Italy raises $1 billion from Monte dei Paschi’s 25% stake sale

By Giuseppe Fonte and Valentina Za

MILAN (Reuters) -Italy attracted strong interest from funds when it sold 25% of Monte dei Paschi di Siena (MPS) for 920 million euros ($1 billion) on Monday, advancing plans to re-privatise the world’s oldest bank two years after a failed first attempt.

The sale is a testimony to the progress Italian banks have made in cleaning up their finances, which contributed to Moody’s unexpected decision on Friday to upgrade its outlook on the country’s credit rating to stable from negative.

It also buys Italy time to find a more permanent solution for its fifth-largest listed bank, including via a merger deal that a dearth of buyers made hard to pursue in the near term.

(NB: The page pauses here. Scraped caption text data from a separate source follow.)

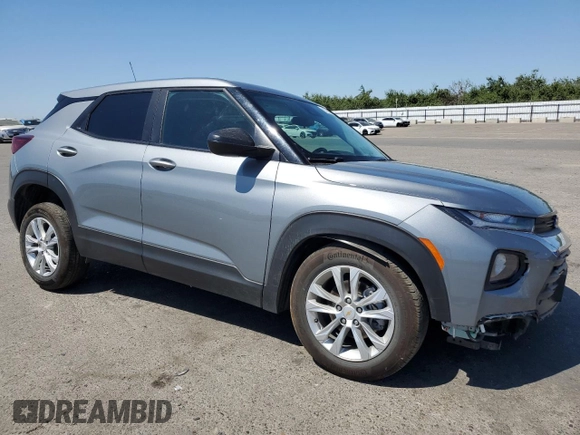 2023 Chevrolet TrailBlazer LS with VIN KL79MMS25PB166771, listed as a Copart auction lot 61728424 with 11,474 mi miles and Salvage Title. Bid and sale history available at DreamBid. Image 4.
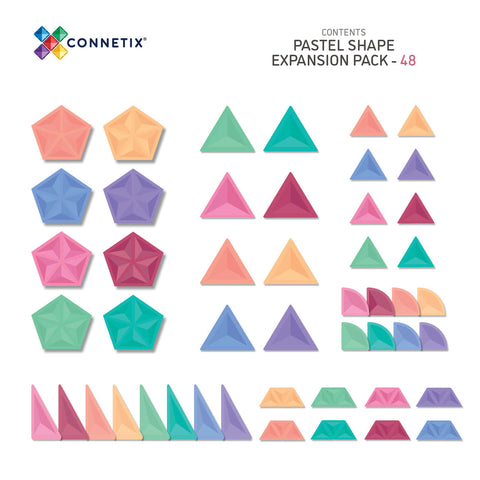 Connetix Pastel Shape Expansion Pack 48pc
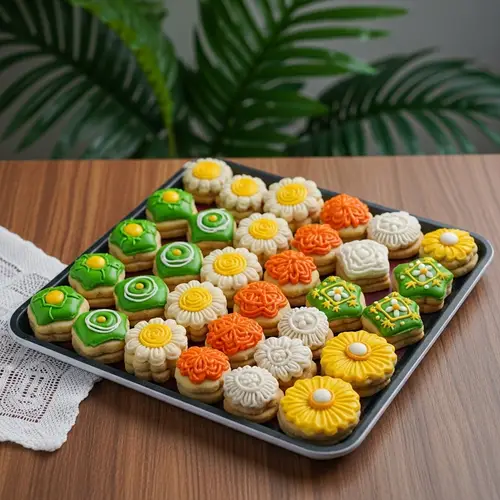 Traditional Aidilfitri Cookies | Festive Tray Arrangement
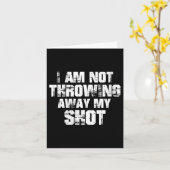 Womens I Am Not Throwing Away My Sho Motivational  カード (黄色い花)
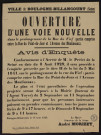 Ouverture d'une voie nouvelle dans le prolongement de la rue du Fief (partie comprise entre la rue du Point-du-Jour et l'avenue des Moulineaux),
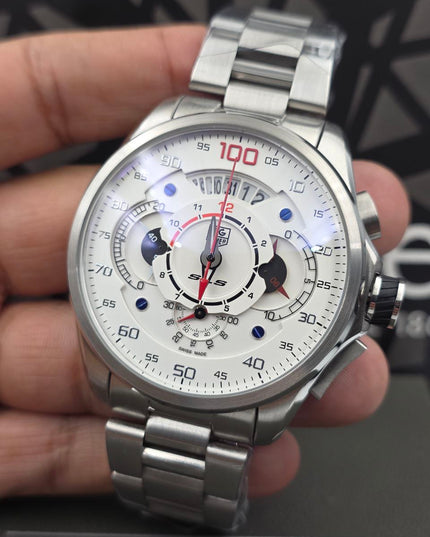 TAG HEUER SLR CHRONOGRAPH FOR MERCEDES BENZ - BLANCO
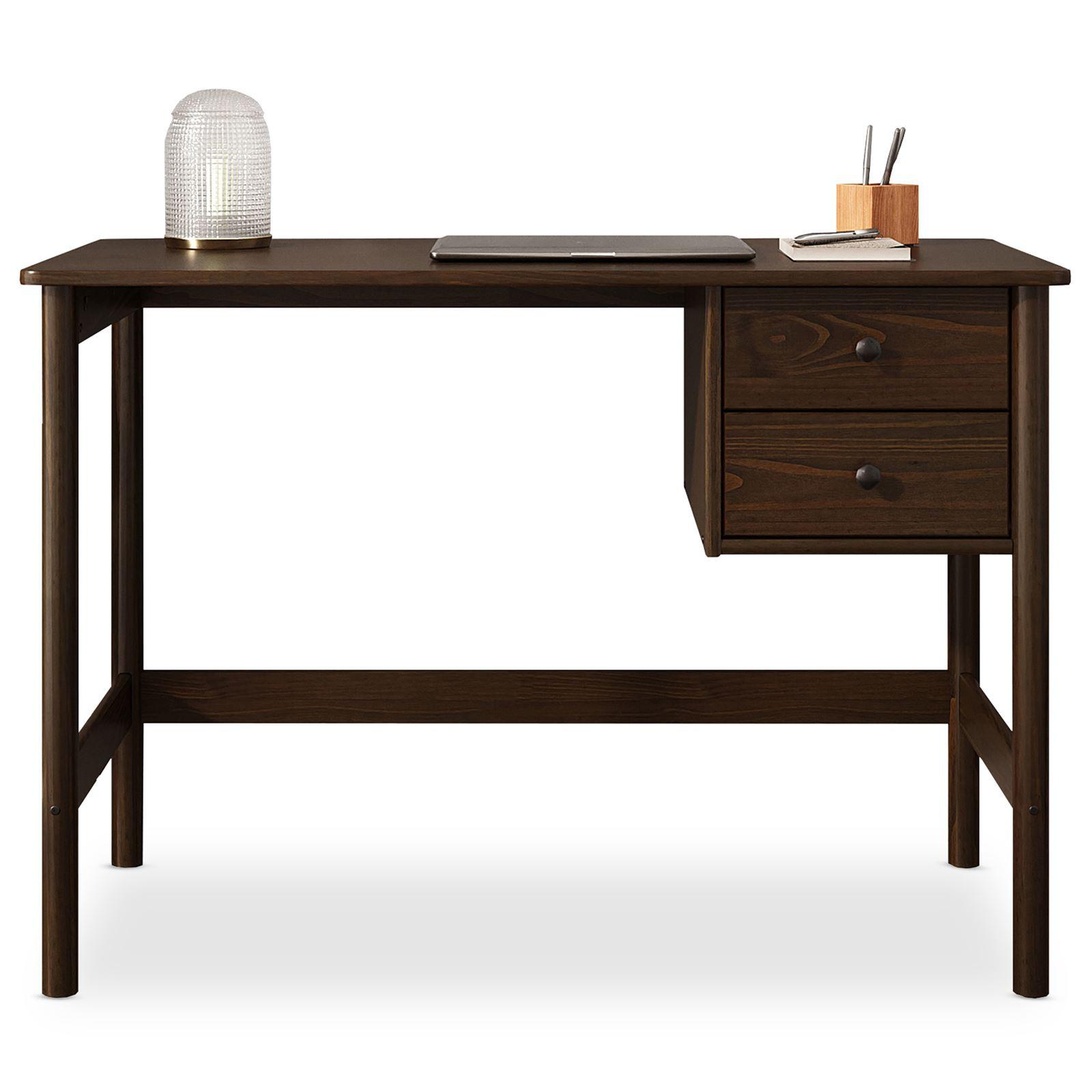 SCHREIBTISCH MARLO - Nussbaumfarben, Holz (54/110/76cm) - IDIMEX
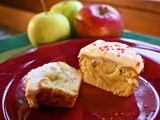 Apple Filled Cupcakes with Butter Cream Frosting #Foodie Friday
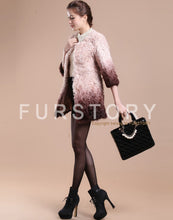 Load image into Gallery viewer, Real Lamb Fur Coat Jacket Overcoat Womens&#39; Dress Ladies&#39; Dress Winter Coat  Garment Top Dress Beatiful Color Fur Story FS13036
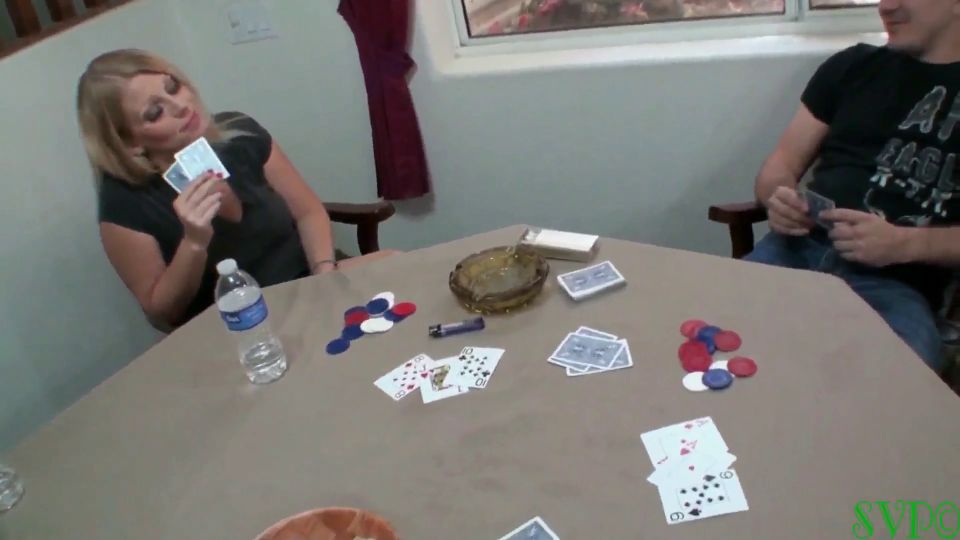 Pregnant stepsister learns to play poker then i poke her smoki....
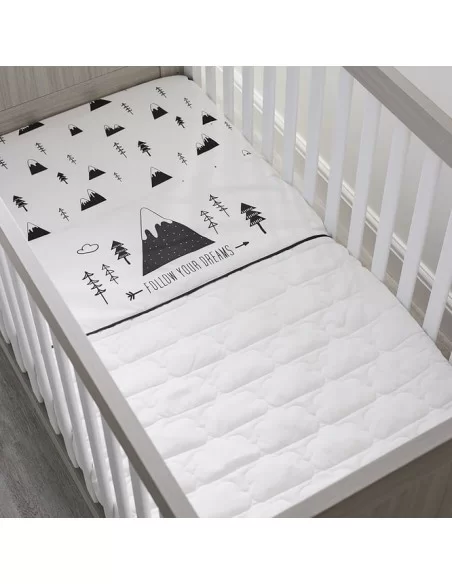 Ickle Bubba Cot Bed Quilt-Mono Mountains Ickle Bubba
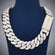 25 Inch 30 MM Miami Chain In White Gold Gurukrupa-Gems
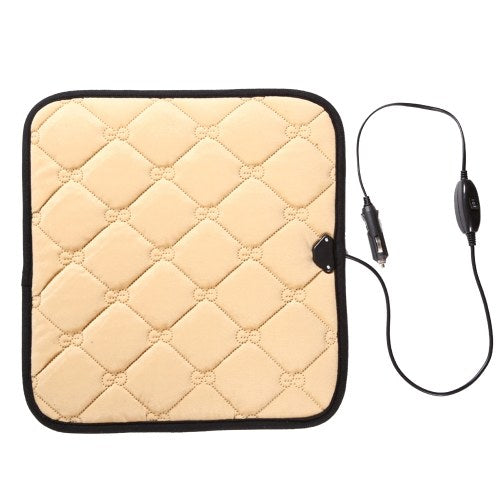 Car Electric Cushion Auto Supplies Heated Square Pad Car Heating Winter Thermal Seatpad Interface Carbon Fibre Seat Cover Infrared Ray Healthy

Strong demand led the Treasury to increase the share offering size, initially set at 20%, and to limit to 4.9% the discount compared to Monday’s closing price. The Treasury had been ready to grant a discount of up to 6%.

MPS shares were down 7.8% at 2.83 euros by 1145 GMT on Tuesday, reflecting the impact of the sale.

The stock closed at 3.07 euros on Monday, 50% above the price of a make-or-break capital raising a year ago that cost Italian taxpayers 1.6 billion euros, after they had already shouldered the bulk of an 8 billion euro rescue in 2017.

Monday’s sale, which a person involved in the deal said brought international investment funds into MPS’ shareholder base, stands in sharp contrast with the difficulties the bank faced to raise cash a year ago, with the state itself covering nearly two thirds of that cash call.

Chief Executive Luigi Lovaglio used that money to fund thousands of voluntary staff departures, bolstering income through cost cuts.

With rising interest rates driving Italian banks’ profits to record highs, MPS has forecast net income will top 1.1 billion euros this year.

Further improving the bank’s prospects, favourable court rulings in recent weeks have prompted MPS to downgrade to “remote” any legal risks stemming from lawsuits that have forced it set aside large sums against damage claims.


BofA Securities, Jefferies and UBS Europe coordinated the accelerated bookbuilding for the stake sale, the Treasury said in a statement.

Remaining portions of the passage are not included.